Çünkü gençliğimde en yüksek bir intibah şâhikasına çıktığımı sanıyordum. Şimdi anlıyorum ki, o intibah, intibah değilmiş. Ancak uykunun en derin kuyusunda bulunmaktan ibaret imiş. Binâenaleyh, medenîlerin iftihar ile dem vurdukları tenevvür-ü intibahları, benim gençlik zamanımdaki intibah kabilesinden olsa gerektir.
Onların misali, rü’yasında güya uyanıp, rü’yasını halka hikâye eden nâim meselidir. Halbuki rü’yasında onun o intibahı, uykunun hafif perdesinden derin ve kalın bir perdeye intikal ettiğine işârettir. Böyle bir nâim ölü gibidir. Yarıbuçuk uykuda bulunan insanları nasıl îkâz edebilir?
Ey uykuda iken kendilerini ayık zannedenler! Umûr-u dîniyede müsamaha veya teşebbühle medenîlere yanaşmayın. Çünkü aramızdaki dere pek derindir. Doldurup hatt-ı muvâsalayı te’min edemezsiniz. Ya siz de onlara iltihak edersiniz veya dalâlete düşer boğulursunuz.
İ’lem Eyyühel-Aziz! Masiyetin mâhiyetinde, bilhassa devam ederse, küfür tohumu vardır. Çünkü o mâsiyete devam eden, ülfet peyda eder. Sonra ona âşık ve mübtelâ olur. Terkine imkân bulamıyacak dereceye gelir. Sonra o mâsiyetinin ikaba mûcib olmadığını temenniye başlar. Bu hal böylece devam ettikçe, küfür tohumu yeşillenmeye başlar. En nihayet, gerek ikabı ve gerek dâr-ül ikabı inkâra sebeb olur.

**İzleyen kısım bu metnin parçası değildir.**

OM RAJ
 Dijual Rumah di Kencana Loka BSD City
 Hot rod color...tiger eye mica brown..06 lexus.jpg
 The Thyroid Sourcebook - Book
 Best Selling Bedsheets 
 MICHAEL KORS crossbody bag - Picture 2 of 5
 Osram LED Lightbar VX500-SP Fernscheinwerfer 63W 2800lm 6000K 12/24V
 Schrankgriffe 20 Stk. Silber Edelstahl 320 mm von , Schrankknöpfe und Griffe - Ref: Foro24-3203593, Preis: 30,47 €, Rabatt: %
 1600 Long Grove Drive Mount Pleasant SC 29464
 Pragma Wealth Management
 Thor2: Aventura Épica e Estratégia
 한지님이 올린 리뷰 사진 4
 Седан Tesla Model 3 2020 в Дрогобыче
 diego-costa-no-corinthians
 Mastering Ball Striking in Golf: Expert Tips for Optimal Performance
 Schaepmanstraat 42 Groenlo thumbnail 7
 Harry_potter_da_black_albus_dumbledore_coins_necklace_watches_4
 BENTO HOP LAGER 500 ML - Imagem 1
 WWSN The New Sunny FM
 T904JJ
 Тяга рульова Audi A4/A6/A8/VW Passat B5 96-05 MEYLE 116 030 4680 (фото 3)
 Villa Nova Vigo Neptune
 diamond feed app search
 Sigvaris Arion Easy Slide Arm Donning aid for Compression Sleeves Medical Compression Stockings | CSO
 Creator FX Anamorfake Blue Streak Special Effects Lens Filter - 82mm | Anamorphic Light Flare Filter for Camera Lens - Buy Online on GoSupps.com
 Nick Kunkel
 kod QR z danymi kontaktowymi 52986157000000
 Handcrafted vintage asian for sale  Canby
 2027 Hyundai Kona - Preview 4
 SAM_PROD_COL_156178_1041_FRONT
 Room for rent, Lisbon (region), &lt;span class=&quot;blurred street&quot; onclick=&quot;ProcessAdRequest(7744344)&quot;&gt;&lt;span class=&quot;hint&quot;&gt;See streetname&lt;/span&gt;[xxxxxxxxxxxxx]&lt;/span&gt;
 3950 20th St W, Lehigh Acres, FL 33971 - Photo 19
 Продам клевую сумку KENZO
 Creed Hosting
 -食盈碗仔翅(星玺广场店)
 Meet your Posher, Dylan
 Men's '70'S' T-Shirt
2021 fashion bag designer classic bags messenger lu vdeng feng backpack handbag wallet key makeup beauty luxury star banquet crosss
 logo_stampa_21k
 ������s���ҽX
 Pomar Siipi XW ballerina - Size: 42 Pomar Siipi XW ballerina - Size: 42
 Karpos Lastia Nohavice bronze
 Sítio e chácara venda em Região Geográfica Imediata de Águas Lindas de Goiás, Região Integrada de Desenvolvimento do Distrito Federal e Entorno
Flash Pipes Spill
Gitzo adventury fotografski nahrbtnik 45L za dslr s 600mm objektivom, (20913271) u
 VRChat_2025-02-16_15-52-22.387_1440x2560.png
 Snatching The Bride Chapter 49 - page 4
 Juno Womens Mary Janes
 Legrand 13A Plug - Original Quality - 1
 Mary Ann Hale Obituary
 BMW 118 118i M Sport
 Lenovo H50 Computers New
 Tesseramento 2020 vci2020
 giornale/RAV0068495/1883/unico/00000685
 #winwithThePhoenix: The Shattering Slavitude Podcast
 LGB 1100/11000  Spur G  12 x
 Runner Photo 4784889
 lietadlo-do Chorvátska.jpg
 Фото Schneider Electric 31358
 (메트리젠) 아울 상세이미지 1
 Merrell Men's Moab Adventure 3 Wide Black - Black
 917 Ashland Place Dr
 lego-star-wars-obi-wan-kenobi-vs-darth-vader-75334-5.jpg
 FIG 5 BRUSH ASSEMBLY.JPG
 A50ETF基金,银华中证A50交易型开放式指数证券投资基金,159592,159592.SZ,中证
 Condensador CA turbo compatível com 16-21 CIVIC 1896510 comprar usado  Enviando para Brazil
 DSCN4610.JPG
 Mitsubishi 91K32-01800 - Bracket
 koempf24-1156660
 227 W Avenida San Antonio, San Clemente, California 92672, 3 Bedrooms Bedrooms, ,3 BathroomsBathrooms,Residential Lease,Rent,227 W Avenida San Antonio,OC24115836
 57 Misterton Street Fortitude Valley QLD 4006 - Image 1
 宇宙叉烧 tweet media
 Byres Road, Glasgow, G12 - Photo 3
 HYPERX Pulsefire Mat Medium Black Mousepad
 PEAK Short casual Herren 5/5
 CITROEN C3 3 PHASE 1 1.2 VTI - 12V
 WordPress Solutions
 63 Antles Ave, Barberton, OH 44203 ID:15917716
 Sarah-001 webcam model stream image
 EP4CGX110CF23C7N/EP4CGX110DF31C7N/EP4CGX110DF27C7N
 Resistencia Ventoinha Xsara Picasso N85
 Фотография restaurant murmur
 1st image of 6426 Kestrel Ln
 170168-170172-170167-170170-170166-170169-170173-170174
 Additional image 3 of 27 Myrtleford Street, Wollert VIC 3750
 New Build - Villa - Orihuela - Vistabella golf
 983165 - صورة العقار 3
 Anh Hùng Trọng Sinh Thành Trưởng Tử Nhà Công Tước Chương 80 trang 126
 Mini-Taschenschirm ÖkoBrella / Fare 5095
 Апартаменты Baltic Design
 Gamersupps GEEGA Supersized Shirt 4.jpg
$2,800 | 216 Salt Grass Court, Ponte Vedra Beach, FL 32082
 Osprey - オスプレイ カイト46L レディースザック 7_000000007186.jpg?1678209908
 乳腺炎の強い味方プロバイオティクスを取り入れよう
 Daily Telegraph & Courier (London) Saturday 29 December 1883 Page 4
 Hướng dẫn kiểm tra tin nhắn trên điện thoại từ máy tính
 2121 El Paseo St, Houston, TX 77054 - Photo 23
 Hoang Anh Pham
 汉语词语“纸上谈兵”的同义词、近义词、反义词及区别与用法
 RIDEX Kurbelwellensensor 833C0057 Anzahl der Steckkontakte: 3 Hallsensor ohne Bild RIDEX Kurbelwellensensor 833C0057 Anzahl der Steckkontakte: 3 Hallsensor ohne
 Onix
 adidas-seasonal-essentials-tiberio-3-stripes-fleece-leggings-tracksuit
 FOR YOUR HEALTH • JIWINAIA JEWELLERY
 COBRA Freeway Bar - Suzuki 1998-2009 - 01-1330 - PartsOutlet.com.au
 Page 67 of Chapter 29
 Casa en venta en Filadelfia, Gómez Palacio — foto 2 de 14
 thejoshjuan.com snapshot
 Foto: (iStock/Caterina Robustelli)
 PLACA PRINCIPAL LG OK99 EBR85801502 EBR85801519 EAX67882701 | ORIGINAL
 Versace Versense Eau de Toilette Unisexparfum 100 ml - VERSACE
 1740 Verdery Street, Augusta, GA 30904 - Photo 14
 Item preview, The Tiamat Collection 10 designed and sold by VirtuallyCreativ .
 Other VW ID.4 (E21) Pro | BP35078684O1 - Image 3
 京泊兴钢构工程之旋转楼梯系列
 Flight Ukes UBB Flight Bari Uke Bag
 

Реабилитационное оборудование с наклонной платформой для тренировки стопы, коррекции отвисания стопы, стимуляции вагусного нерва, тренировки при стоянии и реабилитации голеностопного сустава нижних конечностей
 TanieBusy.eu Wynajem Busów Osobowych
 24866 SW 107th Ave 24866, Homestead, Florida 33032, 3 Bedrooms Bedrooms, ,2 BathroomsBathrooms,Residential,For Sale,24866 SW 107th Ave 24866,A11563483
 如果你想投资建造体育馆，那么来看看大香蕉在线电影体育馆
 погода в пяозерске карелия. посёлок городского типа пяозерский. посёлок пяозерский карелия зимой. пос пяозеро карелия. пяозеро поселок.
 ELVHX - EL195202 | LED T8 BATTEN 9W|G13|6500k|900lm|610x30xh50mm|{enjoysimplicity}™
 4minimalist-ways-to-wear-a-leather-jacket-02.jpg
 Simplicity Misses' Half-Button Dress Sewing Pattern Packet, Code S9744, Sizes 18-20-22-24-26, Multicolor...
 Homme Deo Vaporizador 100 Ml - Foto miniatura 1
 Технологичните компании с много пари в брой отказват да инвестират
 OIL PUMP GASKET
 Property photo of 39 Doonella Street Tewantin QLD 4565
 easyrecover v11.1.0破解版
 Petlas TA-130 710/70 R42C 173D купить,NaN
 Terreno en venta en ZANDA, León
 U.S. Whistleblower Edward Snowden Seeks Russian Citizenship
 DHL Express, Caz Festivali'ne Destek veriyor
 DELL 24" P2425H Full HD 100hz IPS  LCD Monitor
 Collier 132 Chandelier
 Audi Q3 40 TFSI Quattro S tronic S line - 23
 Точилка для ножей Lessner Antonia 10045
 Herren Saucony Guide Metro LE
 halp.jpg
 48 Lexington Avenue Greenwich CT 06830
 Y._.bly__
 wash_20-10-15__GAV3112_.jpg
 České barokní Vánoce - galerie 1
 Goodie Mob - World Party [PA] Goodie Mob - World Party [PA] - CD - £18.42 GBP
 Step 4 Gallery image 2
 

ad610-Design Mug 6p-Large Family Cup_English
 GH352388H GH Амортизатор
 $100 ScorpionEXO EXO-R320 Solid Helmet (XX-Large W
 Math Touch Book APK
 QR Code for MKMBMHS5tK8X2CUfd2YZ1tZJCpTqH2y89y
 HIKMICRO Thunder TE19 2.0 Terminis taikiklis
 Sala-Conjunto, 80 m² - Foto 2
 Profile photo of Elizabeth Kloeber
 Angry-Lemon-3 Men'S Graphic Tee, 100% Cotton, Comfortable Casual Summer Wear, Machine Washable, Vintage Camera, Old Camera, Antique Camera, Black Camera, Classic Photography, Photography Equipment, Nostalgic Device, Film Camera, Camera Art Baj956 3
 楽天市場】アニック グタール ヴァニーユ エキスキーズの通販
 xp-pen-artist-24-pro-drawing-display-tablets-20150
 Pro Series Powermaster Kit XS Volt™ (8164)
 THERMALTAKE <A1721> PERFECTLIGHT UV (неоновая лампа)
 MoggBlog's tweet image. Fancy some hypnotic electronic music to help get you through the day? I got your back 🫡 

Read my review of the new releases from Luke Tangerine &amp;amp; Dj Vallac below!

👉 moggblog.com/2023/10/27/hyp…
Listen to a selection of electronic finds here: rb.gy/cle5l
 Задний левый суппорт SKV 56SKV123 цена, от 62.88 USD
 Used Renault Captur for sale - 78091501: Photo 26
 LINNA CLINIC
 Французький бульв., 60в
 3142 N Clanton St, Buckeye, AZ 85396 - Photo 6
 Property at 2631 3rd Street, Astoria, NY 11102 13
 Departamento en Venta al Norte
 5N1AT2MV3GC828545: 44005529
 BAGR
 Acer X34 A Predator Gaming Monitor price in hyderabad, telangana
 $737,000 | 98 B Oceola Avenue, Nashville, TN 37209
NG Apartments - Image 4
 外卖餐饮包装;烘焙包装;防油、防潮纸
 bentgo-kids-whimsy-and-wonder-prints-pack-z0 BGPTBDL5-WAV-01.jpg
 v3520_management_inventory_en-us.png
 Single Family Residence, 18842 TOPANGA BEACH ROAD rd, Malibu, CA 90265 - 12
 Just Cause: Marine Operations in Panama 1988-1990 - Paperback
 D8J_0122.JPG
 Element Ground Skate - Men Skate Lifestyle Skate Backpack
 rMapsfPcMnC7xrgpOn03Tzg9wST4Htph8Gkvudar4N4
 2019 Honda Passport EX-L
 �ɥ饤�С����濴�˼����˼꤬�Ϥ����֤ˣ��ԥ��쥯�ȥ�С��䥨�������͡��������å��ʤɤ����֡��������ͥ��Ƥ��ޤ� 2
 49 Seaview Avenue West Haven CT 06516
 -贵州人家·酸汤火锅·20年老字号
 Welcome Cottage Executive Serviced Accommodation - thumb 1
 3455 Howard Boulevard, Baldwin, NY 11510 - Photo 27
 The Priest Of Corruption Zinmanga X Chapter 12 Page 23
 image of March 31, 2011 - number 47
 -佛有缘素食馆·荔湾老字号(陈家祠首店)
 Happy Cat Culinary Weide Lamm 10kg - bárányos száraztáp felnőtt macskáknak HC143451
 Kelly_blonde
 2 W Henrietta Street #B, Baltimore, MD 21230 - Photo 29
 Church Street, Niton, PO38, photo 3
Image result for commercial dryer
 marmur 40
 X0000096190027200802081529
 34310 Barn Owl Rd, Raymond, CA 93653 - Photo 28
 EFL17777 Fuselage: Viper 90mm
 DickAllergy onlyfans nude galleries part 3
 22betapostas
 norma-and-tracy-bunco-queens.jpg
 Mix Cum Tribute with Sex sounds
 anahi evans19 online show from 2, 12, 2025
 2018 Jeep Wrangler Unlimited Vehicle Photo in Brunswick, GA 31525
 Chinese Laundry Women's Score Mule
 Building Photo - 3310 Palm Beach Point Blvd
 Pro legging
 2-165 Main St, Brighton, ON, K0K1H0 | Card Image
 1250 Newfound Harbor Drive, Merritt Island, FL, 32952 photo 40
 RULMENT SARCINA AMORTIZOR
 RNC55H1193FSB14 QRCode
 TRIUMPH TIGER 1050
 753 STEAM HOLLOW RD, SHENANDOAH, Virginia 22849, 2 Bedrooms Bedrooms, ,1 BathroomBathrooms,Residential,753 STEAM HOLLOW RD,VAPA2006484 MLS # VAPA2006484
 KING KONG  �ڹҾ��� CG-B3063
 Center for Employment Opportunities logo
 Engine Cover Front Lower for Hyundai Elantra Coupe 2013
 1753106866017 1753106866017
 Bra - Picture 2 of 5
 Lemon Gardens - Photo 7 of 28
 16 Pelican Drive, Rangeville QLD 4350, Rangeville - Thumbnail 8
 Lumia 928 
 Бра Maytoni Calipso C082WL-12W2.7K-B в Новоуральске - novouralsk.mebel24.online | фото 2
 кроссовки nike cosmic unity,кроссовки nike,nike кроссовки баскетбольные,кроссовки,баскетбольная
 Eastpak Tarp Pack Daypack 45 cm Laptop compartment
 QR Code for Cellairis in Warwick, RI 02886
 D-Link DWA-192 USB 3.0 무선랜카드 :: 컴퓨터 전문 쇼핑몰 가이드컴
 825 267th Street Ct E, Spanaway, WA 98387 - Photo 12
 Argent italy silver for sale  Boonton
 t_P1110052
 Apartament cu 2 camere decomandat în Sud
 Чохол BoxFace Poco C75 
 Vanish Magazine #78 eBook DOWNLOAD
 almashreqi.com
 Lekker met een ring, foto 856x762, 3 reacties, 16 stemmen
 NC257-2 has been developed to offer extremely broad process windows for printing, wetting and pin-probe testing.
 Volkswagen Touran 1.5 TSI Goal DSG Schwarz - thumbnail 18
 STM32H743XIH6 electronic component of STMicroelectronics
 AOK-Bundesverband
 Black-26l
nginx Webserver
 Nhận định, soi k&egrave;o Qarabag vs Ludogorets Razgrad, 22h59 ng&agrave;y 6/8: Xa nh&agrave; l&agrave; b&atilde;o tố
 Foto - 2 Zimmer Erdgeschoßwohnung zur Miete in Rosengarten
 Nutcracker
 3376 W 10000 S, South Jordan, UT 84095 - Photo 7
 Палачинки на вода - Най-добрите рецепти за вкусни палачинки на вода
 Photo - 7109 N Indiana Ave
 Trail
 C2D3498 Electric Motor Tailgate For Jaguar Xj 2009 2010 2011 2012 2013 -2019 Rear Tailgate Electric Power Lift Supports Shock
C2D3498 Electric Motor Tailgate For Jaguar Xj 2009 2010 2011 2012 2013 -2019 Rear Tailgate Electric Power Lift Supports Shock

Ve keza, mâsiyete terettüb eden hacâletten dolayı, o mâsiyetin mâsiyet olmadığını iddia etmekle, o mâsiyete muttali olan melekleri bile inkâr eder. Hatta şiddet-i hacaletten yevm-i hesabın gelmiyeceğini temenni eder.
Şayet yevm-i hesabı nefyeden ednâ bir vehmi bulursa, o vehmi kocaman bir bürhan addeder. En nihayet nedâmet edip terketmiyenlerin kalbi küsufa tutulur, mahvolur gider. -El’iyazü Billâh!-
İ’lem Eyyühel-Aziz! Kur’ân-ı Mu’ciz-ül Beyân’ın i’caz ve belâgatına dâir “Lemeat” nâmındaki eserimde îzah edilen ba’zı lem’aları dinleyeceksin:
1— Kur’ânın okunuşunda yüksek bir selâset vardır ki, lîsanlara ağır gelmez.
2— Büyük bir selâmet vardır ki, lâfzan ve ma’nen hatâdan sâlimdir.